* _Work to complete_: Restate, word for word and with no pictures, the stretch of lines in the data below that begins at the line with "Műfüves focipálya építés az orosi iskolában" and ends at the line with "27 Naples Ave, Central", inclusive.

* _Task inputs_:
______________________________

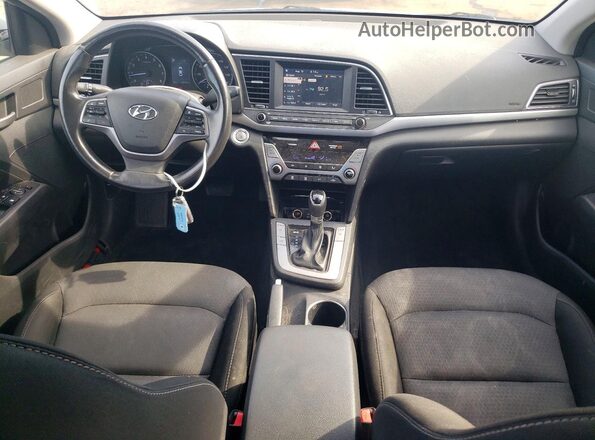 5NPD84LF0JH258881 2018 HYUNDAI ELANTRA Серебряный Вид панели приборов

______________________________

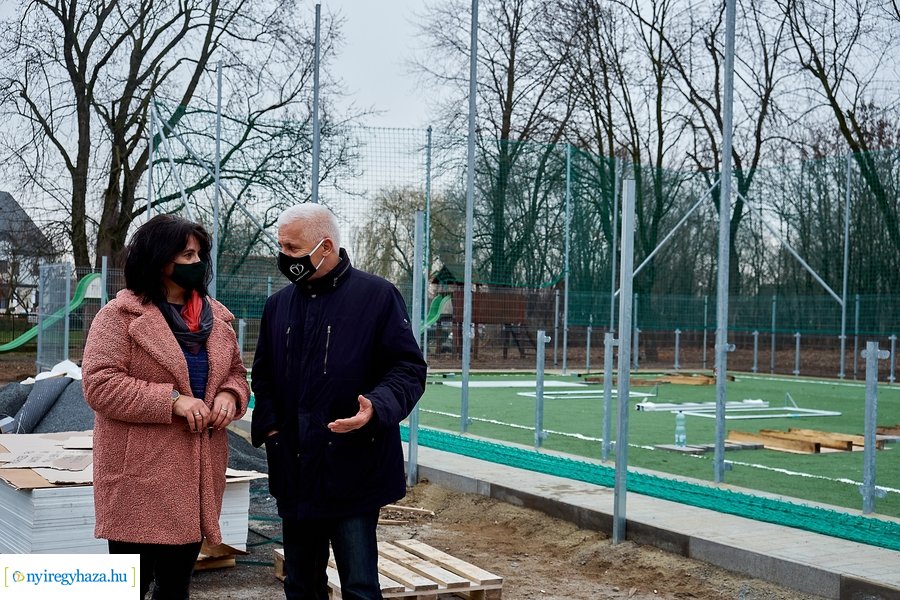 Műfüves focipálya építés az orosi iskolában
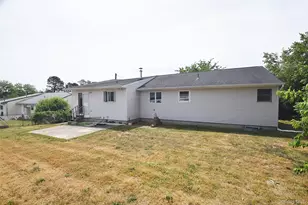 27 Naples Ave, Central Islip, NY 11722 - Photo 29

______________________________

* _Expected output_:
 Műfüves focipálya építés az orosi iskolában
 27 Naples Ave, Central Islip, NY 11722 - Photo 29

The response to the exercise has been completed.